Alla fine di una serata così, la ricerca di una spiegazione e di una ragione di fronte alle mille sfaccettature dell’accaduto appare quantomeno doverosa. Un po’ perchè si finisce per non crederci, un po’ perchè la partita racconta qualcosa che nel punteggio finale non si ritrova: un po’ perchè il Milan, dopo averla cercata, voluta ed ottenuta dentro e fuori dal campo, ha abbandonato l’Europa. Nel modo forse più incredibile e nella terra in cui, a mezz’ora di distanza dal “Georgios Karaiskakis”, è riuscito a scrivere due dei più bei capitoli della propria storia di successi.

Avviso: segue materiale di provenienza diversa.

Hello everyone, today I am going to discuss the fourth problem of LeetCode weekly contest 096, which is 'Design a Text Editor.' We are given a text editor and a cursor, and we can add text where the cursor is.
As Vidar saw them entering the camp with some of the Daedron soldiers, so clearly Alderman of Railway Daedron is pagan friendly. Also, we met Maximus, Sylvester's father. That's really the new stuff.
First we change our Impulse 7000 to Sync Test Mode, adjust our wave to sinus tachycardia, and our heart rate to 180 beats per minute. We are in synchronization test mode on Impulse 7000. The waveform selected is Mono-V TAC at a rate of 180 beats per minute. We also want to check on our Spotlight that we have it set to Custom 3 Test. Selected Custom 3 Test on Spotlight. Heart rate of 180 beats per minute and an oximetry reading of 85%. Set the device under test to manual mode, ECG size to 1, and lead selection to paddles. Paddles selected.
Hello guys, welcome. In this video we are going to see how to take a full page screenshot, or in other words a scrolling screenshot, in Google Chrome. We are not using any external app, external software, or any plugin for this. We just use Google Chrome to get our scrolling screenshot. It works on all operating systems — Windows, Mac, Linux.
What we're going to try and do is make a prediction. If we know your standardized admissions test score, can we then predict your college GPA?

Oggi, però, la realtà parla di qualcosa di diverso. Racconta di una gara contro l’Olympiacos divenuta teatro (greco) dell’assurdo, in una città dove l’arte ellenica e l’ideologia drammaturgica del secondo dopoguerra finiscono per unirsi, indissolubilmente, almeno per 90’: di una fragilità, tra campo e panchina, che va a ricalcare le orme di quell’insensatezza esistenziale post…”Finale di partita”. Non (solo) un’opera di Samuel Beckett, tra i massimi esponenti della condizione esistenziale precaria, ma anche triplice fischio su un’avventura che, doverosamente, avrebbe dovuto proseguire più a lungo. Interrotta, invece, tra un controsenso e l’altro.

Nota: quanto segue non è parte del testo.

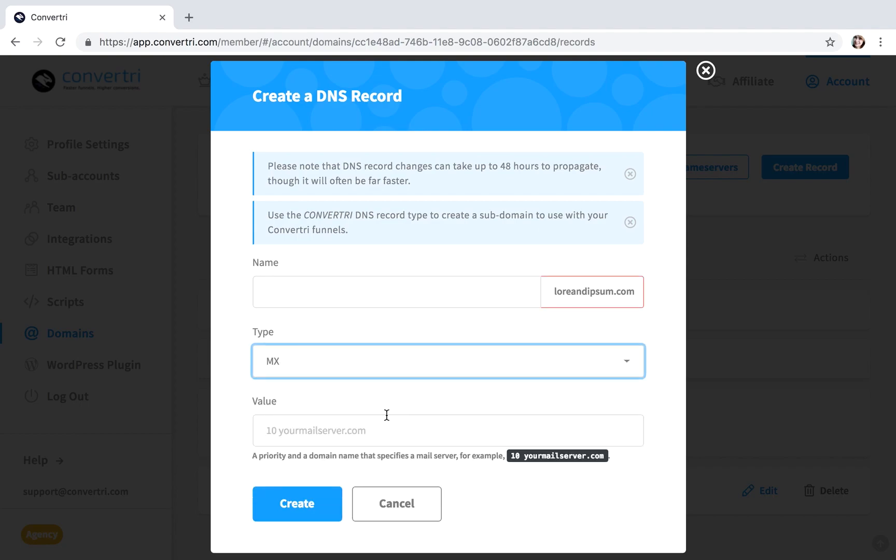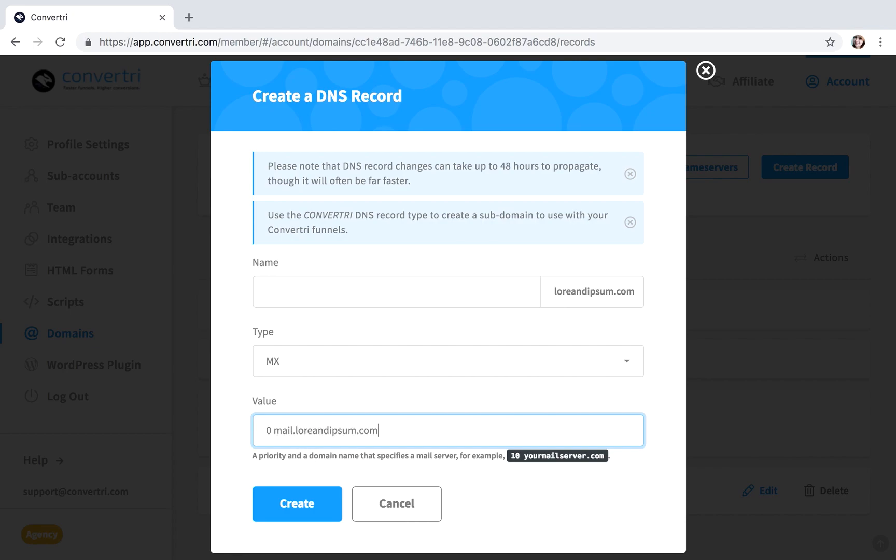In Value, enter your priority, then a space, then the server address. You can find this information in the DNS records on your domain registrar.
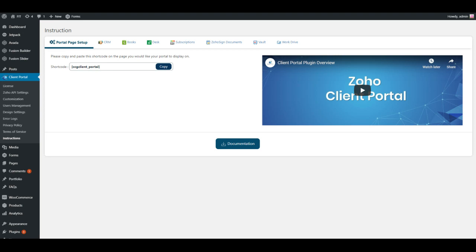Hi folks. This is going to be a quick demo of how to copy and paste this short code onto a unique page on your website.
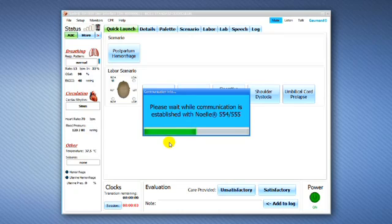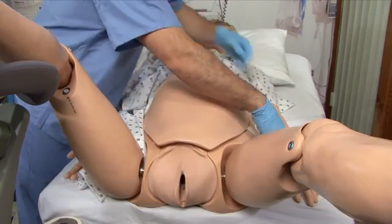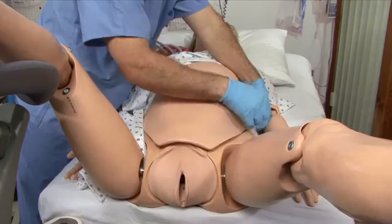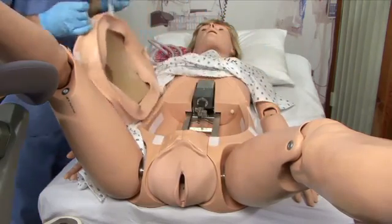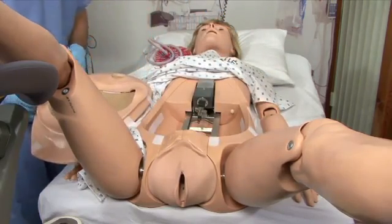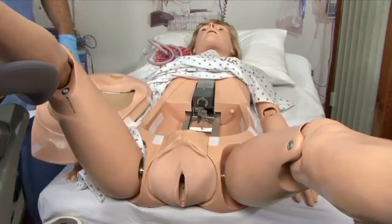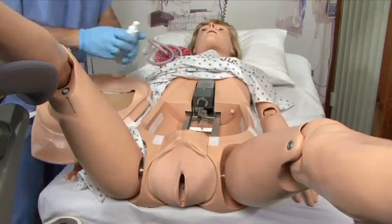On the Virtual Monitor Computer, click the GoMard Monitors icon to open the VitalSign software. Remove the tummy cover and lubricate the birthing canal as shown.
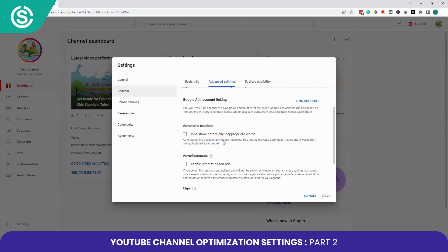Now move on to Automatic Captions. The automatic captions option is also available in the Advanced tab. Enabling this setting prevents potentially inappropriate words from being displayed in the auto-generated captions of your videos.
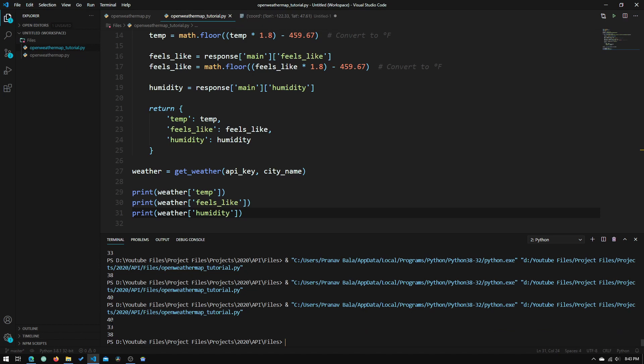So now you can get the temperature, humidity, and feels like temperature of any city. That's going to be the end of this tutorial — I will have a part two coming soon on how we create the graphical user interface. Thanks for watching and I will see you in the next one.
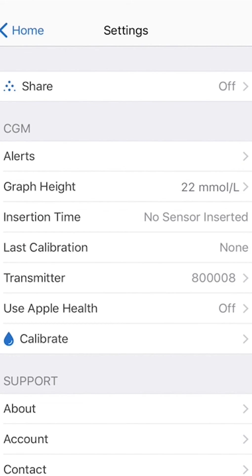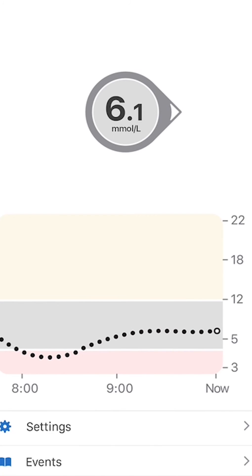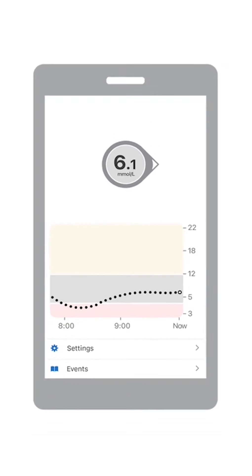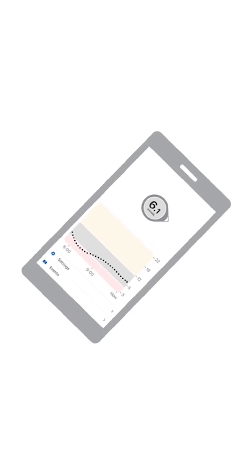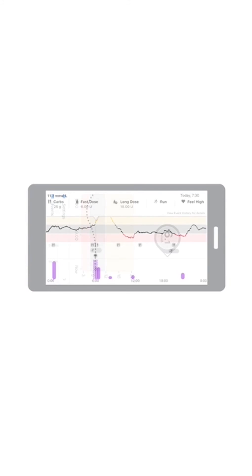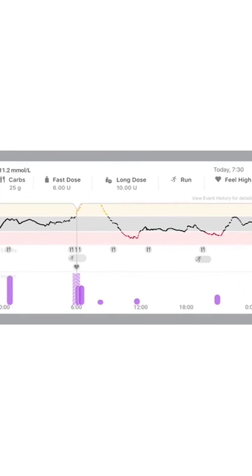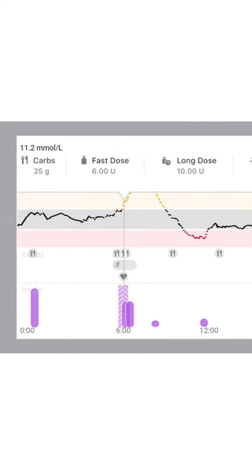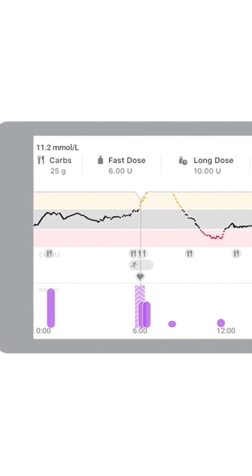Want more than 3 hours of G6 readings? Turn your smart device sideways to see up to the last 24 hours, along with your events. Touch and drag on the graph to see details.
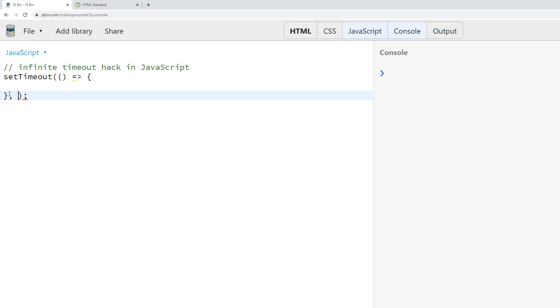In this case we could say 2,000 milliseconds, which is equal to two seconds, and we could log "complete".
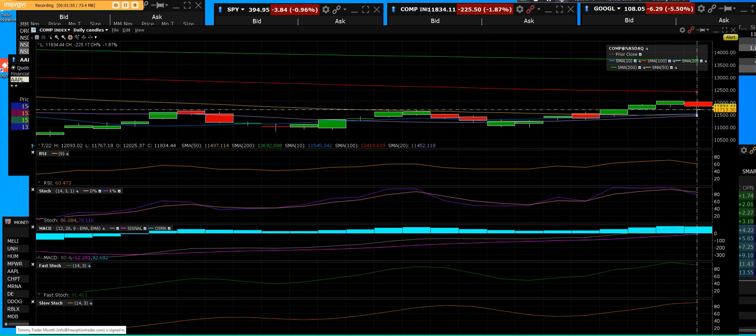If those earnings come in good, we are off to the races. McDonald's will be reporting, Whirlpool will report. There's going to be a slew of them, and the big ones will be the market movers.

Zero alibi: la perenne condizione imposta da Rino Gattuso al termine di ogni gara stagionale del suo Milan, mai tanto colpito da una tendenza all’harakiri come in questa stagione, come primo esponente pronto a metterci la faccia e scusarsi dopo una “figuraccia”. Lucidissimo e da chapeau nel post gara, meno nei 90’ del Pireo: un cambio difensivo a snaturare modulo e ambizioni, con Laxalt per Cutrone (e non Calhanoglu), un errore arbitrale a punirne la scelta. Paradosso che si abbina a quello del risultato da ottenere e difendere: vittoria, pareggio o anche sconfitta a disposizione, a meno di un K.O. da 2 gol di scarto tra 2-0 e 3-1. Il tabellino finale, specchio di una serata folle, racconta esattamente ciò che il mondo rossonero non avrebbe voluto vedere.

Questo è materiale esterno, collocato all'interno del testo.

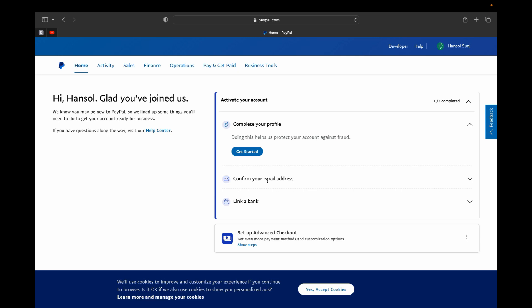When you created an account, PayPal sends you an email to the address you registered, so you have to confirm if that is really you. And then link your bank account and you should be good to go. So that is for today's tutorial. If you have any questions, leave me the question down below in the description and I'll be happy to answer your question. And thank you for watching, I'll see you guys in the next video.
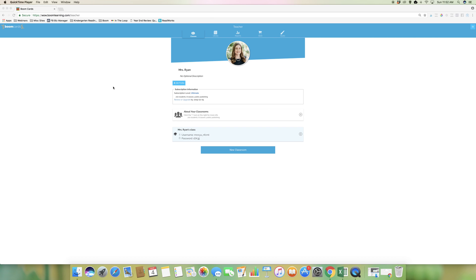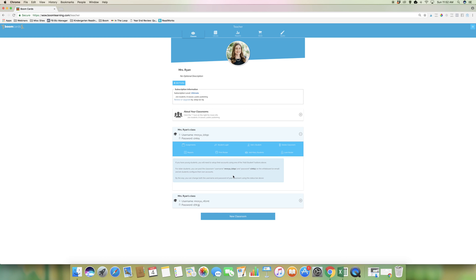So once you're logged in, go to classes at the top here, then click on new classroom. I already have one set up that you can see, but we're going to start a new one.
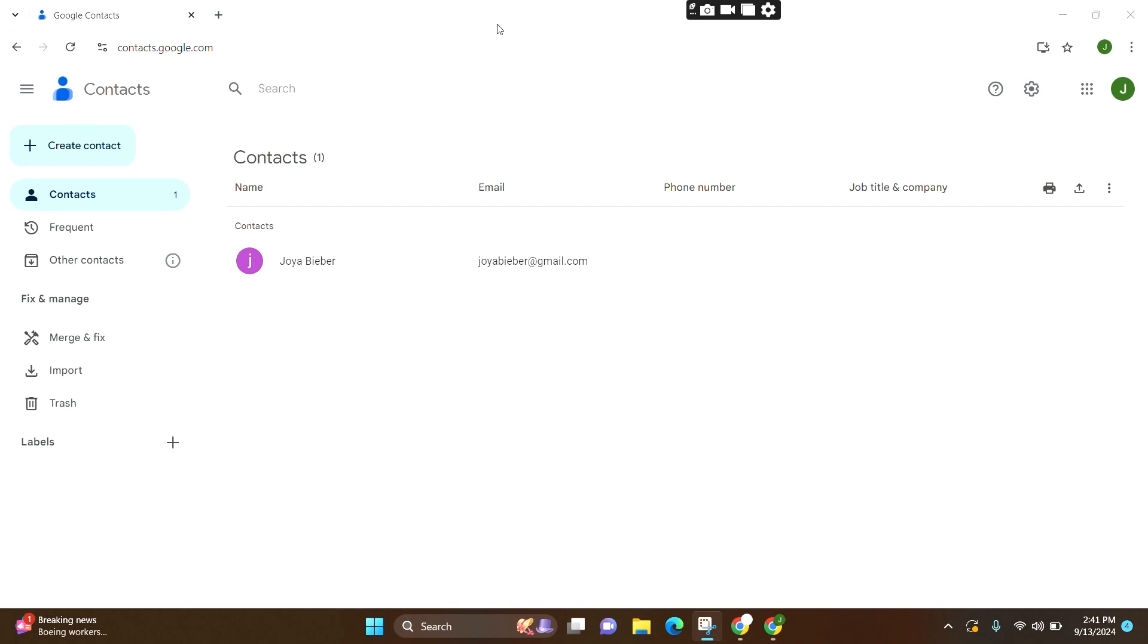And this is how to delete saved contacts from your Google account. I hope you found this video helpful. Don't forget to like this video and subscribe to our channel, GuideUp. Thank you.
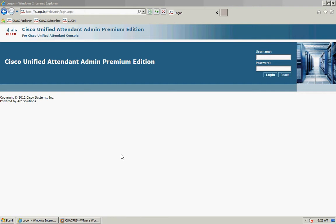Hi, my name is Jamie Gowell and I'm the technical marketing engineer for the Cisco Unified Attendant Consoles. In this video I'm just going to take you through how to obtain and then apply a 60-day evaluation license.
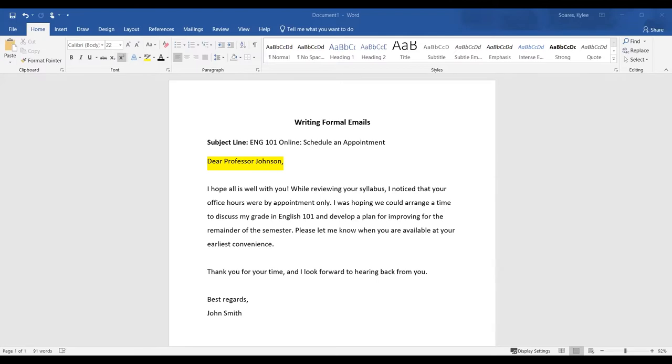So today I'm going to reach out to my professor. For step one, it's going to include a greeting similar to a letter. Some examples include dear, hello, good morning, good afternoon, with their name at the end of the greeting along with a comma.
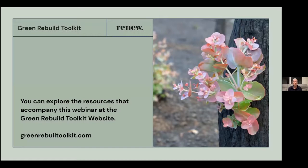Now before Anthony begins, I'll just remind you that all three presentations will run first and then we will have a Q&A discussion with the panel members. If you want your question to be included in the Q&A, please make sure that you put it in the Q&A and not in the chat. And now to our first speaker, Anthony.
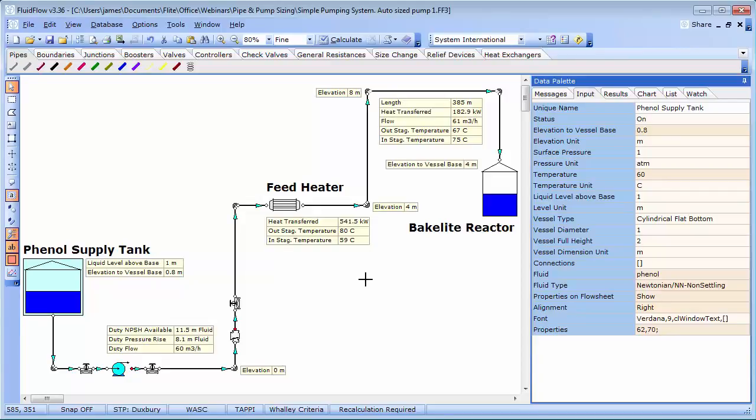So in today's session we are going to look at using a systems design approach to size our pipework and circulating pump.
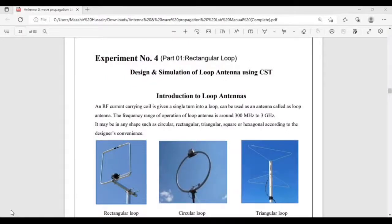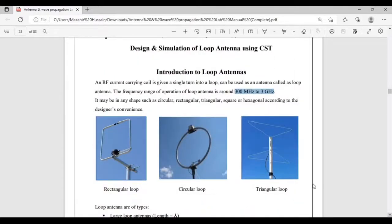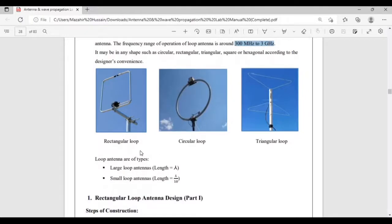In this tutorial we are going to learn about the design and simulation of loop antennas using CST. A loop antenna is an RF current-carrying coil with a single turn. This type of antenna can be used from 300 MHz to 3 GHz frequency ranges. The shape may be circular, rectangular, triangular, square, or hexagonal according to the designer's convenience.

Soffrire più se stessi che gli avversari: il 2018/19 del Milan, tra un regalo e l’altro, prosegue pericolosamente così. Gestire senza grossi affanni per un’ora, crollare di fronte alla propria fragilità mentale nei trenta minuti successivi, sprecando a ripetizione: un errore o distrazione per compromettere traguardi e punti, l’incapacità di trovare un leader in grado di caricarsi la squadra sulle spalle anche nei momenti più complessi. Puntare su Gonzalo Higuain per centrare un quarto posto attualmente mantenuto, tentando di riconquistare la partecipazione in Champions, e uscire dalla porta accanto di un’Europa raggiunta, persa, ritrovata e poi abbandonata. Nel modo più incredibile.
E il parlare di sbagli altrui, in uno scenario simile, finisce in secondo piano. Decisivi e determinanti sì, così come non circoscritti alla sola serata ateniese, ma debole àncora cui appigliarsi di fronte all’impossibilità di superare un girone che al momento del sorteggio, dalle parti di Milanello, non poteva che essere definito certamente abbordabile. Tutto destinato a racchiudersi in un’unica serata, dal ”Finale di partita” folle, tra palloni gettati in campo e vani, confusionari assalti disperati. In un teatro (greco) dell’assurdo dove la Casa di carta, più che la coreografia dell’Olympiacos, ha finito per rappresentare la materia fragile di un Milan affondato in un mare di inattese difficoltà. Tanto apparentemente solido quanto internamente debole.